住宅ローンの「事前審査」は通過したのに、「本審査」で落ちるケースとは?

不動産コラム

マイホーム購入に不可欠な住宅ローンですが、一般的には契約前に事前審査を受け、承認を取り付けます。事前承認をもらってからでないと、売主側も資金計画が成り立たないので契約させてくれません。

無事に手付金を支払ってマイホームの契約も済ませ、いざ住宅ローンの本申込みをすると、稀に「不承認」となってしまうことがあります。事前承認はもらっていたのに、本審査では「NG」となるにはそれなりの理由があります。

今回は、住宅ローンの本審査で落ちないようにするポイントをお話します。

事前審査はあくまで仮審査

事前審査では、免許証や保険証、源泉徴収票などを提出して、あなたの個人信用情報に問題がないか、収入に見合った借入額であるかを審査されます。(この時点で、個人信用情報に問題があると否決となってしまいます。)

事前審査での申し込み内容と変わらなければ、ほとんどの人が本審査でもそのまま承認となります。よほどのことがない限り・・・なのですが、本審査でより詳しい書類や信用情報を見て想定外の何かが出てくると結果が覆ります。事前審査はあくまでも仮の審査と考えましょう。

団体信用生命保険が不承認になるケース

住宅ローンでは団体信用生命保険に加入できることが必須条件です。事前審査の時には健康だったのに、本審査の直前に入院したり病気などが発覚した場合には団体信用生命保険に入れないこともあります。
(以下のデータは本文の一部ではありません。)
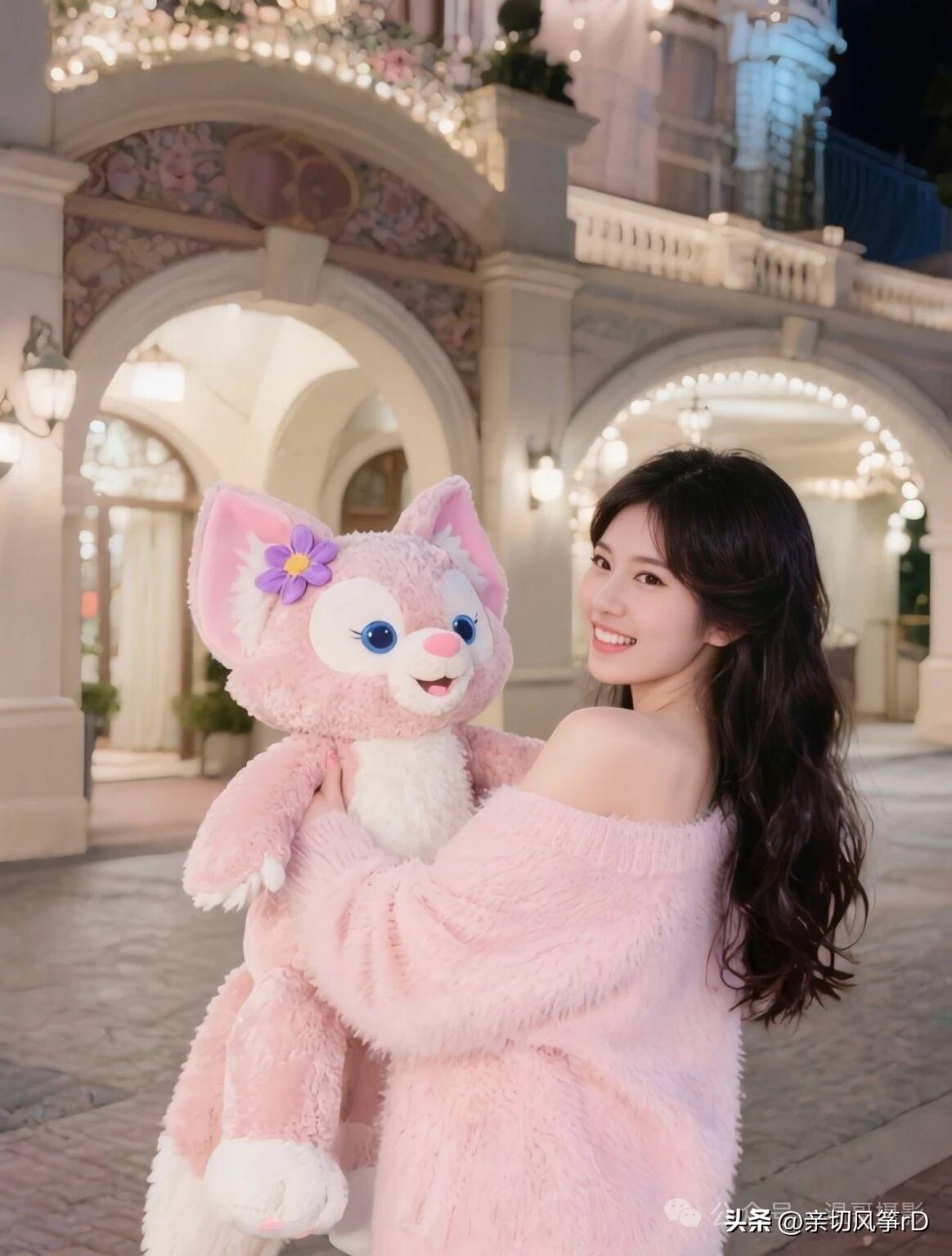 美女究竟能有多美，很难有个标准。就说京剧界的李胜素，她是公认的京剧第一美女。19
健康に不安がある人は、事前審査の段階で団体信用生命保険の審査を先行して受けることも可能(金融機関によります)ですので、告知事項がある場合は前もって営業担当者に話しておきましょう。また、通常の団信よりも金利は上乗せになりますが、より審査が甘く加入しやすい「ワイド団信」という保険もあります。

契約してから健康状態が悪化した場合、重要事項説明書の「住宅ローン特約」に記載があれば手付金を放棄せずに物件の解約が出来ることもありますので、確認しておきましょう。

信用情報が変化したケース

本審査で否決となるのは、「信用情報の変化」が一番大きな理由です。要するに、「他の借入れがあった」「新しく別のローンを組んでいる」ことが発覚してしまうケースです。「事前審査が通ったことに安心して、車をローンで買ってしまった」「次のボーナス払いで家電を買ってしまった」という事例は、実はとても多いのです。契約時に営業担当者から「絶対に新しくローンを組まないように」と念押しされていても借り入れてしまう人がいます。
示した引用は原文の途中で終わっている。